Madonna_Edvard Munch

This lithograph, Madonna, by the Norwegian artist Edvard Munch (1863-1944) is in sharp contrast to da Vinci’s Madonna of the Rocks (c. 1483), painted more than 400 years earlier (see blog 86). One shows the Madonna in a sacred light, the other displays her as sexulised and profane, a femme fatale. It illustrates the hugh change that took place in the latter half of the 19th c. with the birth of the Modernist movement, as well as pointing to Munch’s troubled relationship with women.

The translation is from the original Gaelic in the CLAR publication Tro Chloich na Sùla.

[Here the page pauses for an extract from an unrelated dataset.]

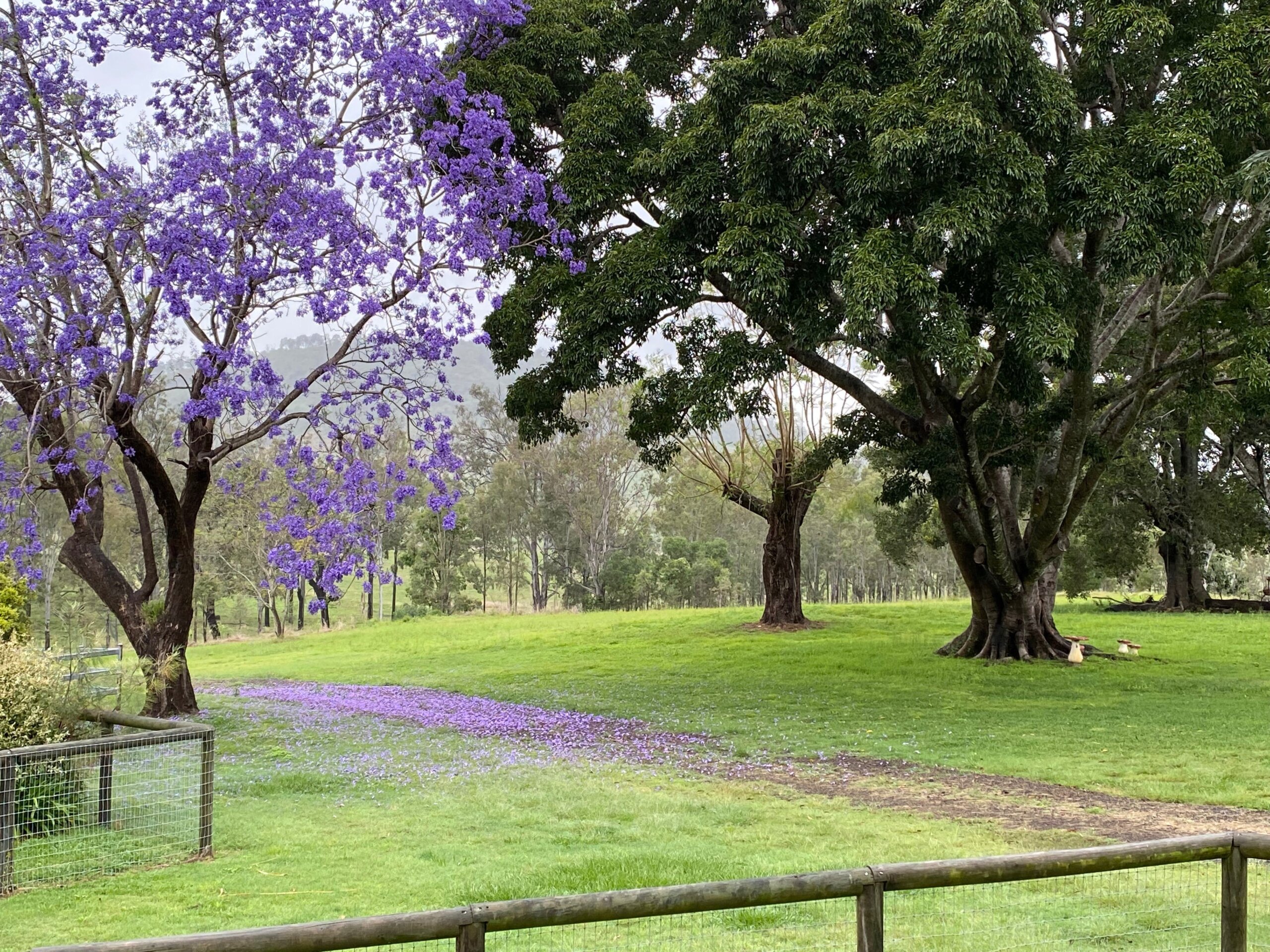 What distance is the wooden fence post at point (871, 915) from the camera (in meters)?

Madonna (Lithograph) 1895-1902
(by Edvard Munch)

As far as black is from white,
As far as good is from scorn,
So far is this from the painting of the virgin
Who Da Vinci captured powerfully,

In the tender painting of the Madonna of the Rocks
And the two innocent babes;
Everything sacred as it ought to be
And putting evil to flight.

But here there is the femme fatale,
Not holy but meretricious,
Love and death in a hollow image
Which sends a shiver through the gentle.

Sex and death united,
And an evil foetus at the side
Like a little devil threatening death,
The cold hollow eyes of a demon,

The promise of a new age:
‘A new depravity will be born’;
Humanity will lose its form,
Everything will become contemptible.

And a red frame with sperm
Surrounds the femme fatale –
The flood of demons to come,
A devilish century, what a prediction!

A, you yourself were never married,
Women made you very anxious;
Your soul was greatly troubled,
Your children were your paintings, heartfelt.